*** Opening GIVEN DATA ***

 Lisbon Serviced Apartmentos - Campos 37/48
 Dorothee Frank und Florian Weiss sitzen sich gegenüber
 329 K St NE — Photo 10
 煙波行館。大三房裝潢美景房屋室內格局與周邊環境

*** Closing GIVEN DATA ***

| WORK TO COMPLETE |
From the first line to the last, give the data again exactly.

| YOUR SOLUTION |
 Lisbon Serviced Apartmentos - Campos 37/48
 Dorothee Frank und Florian Weiss sitzen sich gegenüber
 329 K St NE — Photo 10
 煙波行館。大三房裝潢美景房屋室內格局與周邊環境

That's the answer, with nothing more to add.